The Supreme Court will soon hand down rulings in two cases on partisan gerrymandering, one challenging maps in Maryland drawn by a Democratic majority and the other in Republican-majority North Carolina. Regardless of the outcome, the fight against gerrymandering will be far from over.
Both parties are guilty of gerrymandering, but Republicans have made it an art form. In fact, the GOP has proved that, as long as it controls statehouses, it will be hell-bent on preserving and advancing its agenda through redistricting and other moves, no matter the cost. Republican statehouses have tried to impeach judges who challenged their gerrymandered maps, stripped power from newly elected Democratic governors, overturned voter-approved ballot initiatives, passed voter-suppression laws tightening their grip on the electorate, and of course, manipulated district lines to the point that they held on to more than a dozen gerrymandered seats in Congress even during the biggest Democratic wave since Watergate.
Republican tactics aren't suddenly going to change should the court strike down the maps in Maryland (Benisek vs. Lemone) or North Carolina (Rucho vs. Common Cause), or establish a new legal standard for partisan gerrymandering. Anyone who thinks that Republicans will go quietly into the night needs a dose of reality. If voters allow the GOP to remain in control of state legislatures after the 2020 election, the party will gerrymander Congress and rig our democracy all over again.
Should this happen, more legal challenges will inevitably ensue as GOP-controlled states are forced to once again defend new maps in court. However, these legal battles will take years — just like it did for the latest gerrymandered maps to reach the Supreme Court. In that time, Republicans will continue to have a built-in gerrymandered advantage of seats in congressional and state elections, empowering them to obstruct progress at a profoundly consequential moment for our country.
Need more proof of Republican willingness to go around the Supreme Court to get their way? Look no further than what's happened to women's reproductive rights since Roe vs. Wade. After the court ruled in Roe in 1973 that women had a constitutional right to an abortion, Republican-controlled state governments immediately began challenging the ruling with an onslaught of new laws limiting a woman's right to make her own healthcare decisions.
Those unconstitutional and restrictive laws were not overturned until 1992, nearly two decades later. And now, we are watching firsthand as Republican-controlled state governments in Alabama, Georgia, Ohio and elsewhere take the lead on challenging the very foundations of Roe with egregious abortion bans. There are zero reasons to assume the GOP won't use its control of state governments to challenge a new Supreme Court precedent on partisan gerrymandering with new gerrymandered maps in 2021 as well.

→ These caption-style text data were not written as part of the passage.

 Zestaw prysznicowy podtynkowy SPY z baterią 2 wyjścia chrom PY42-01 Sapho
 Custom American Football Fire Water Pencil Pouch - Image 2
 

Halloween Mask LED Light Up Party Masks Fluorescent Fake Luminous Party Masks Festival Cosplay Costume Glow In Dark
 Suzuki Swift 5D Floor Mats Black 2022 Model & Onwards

The Republican Party's leaders know that the future of the congressional map doesn't lie with the Supreme Court, and they're not hiding it. That's why the national Republican State Leadership Committee has spent nearly $100 million over the last decade solidifying the GOP's grip on state elections via its "Redmap" program, a strategy to dominate the redistricting process. Even in 2018, a banner election year for Democrats in Congress, Republican fundraising outpaced Democrats in state elections. In Florida, the preeminent battleground state that historically has had some of the nation's most extreme maps, Republicans outraised Democrats by more than 5-to-1 in the average statehouse race. Yet Democrats at the top of the ticket shattered fundraising records.
Democrats were able to make some gains at the state level in the 2018 elections. They flipped legislative chambers in traditionally Democratic states such as New York, Connecticut and Maine and won governorships in gerrymandered states such as Wisconsin, Michigan and Pennsylvania, which will undoubtedly put a check on Republican power in those states in the next redistricting process.

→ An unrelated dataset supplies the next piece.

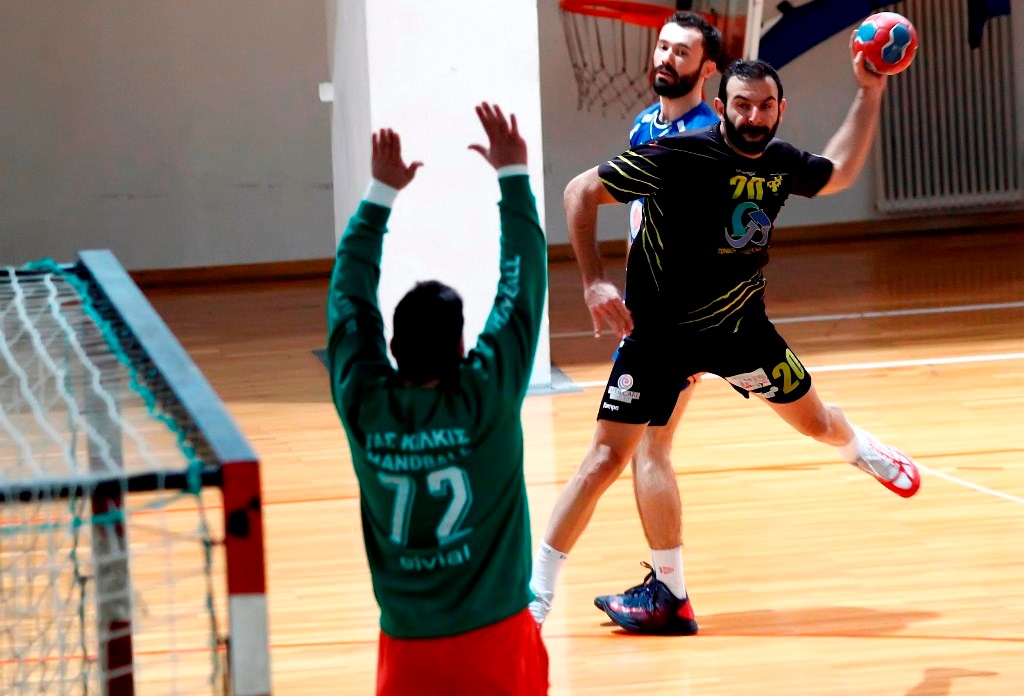 Χάντμπολ: Έσωσε την ΑΕΚ ο Αλβανός, ισοπαλία για ΠΑΟΚ (photos)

But heading into 2020 the hard truth is that Republicans hold overwhelming control of state legislatures in several of the most gerrymandered states, particularly Texas, Florida and North Carolina, where congressional delegations are a combined 76 members strong and are set to gain additional seats as a result of the 2020 census.
There are dozens of congressional seats on the line in those states alone that the GOP stands on the verge of gerrymandering all over again. Because none of those states have established independent redistricting commissions, the only way to stop the party is to flip at least one legislative chamber to Democratic control.
So if the Supreme Court declares partisan gerrymandering unconstitutional, before you hit that retweet button in celebration, remember the following: The fight against partisan gerrymandering is far from over.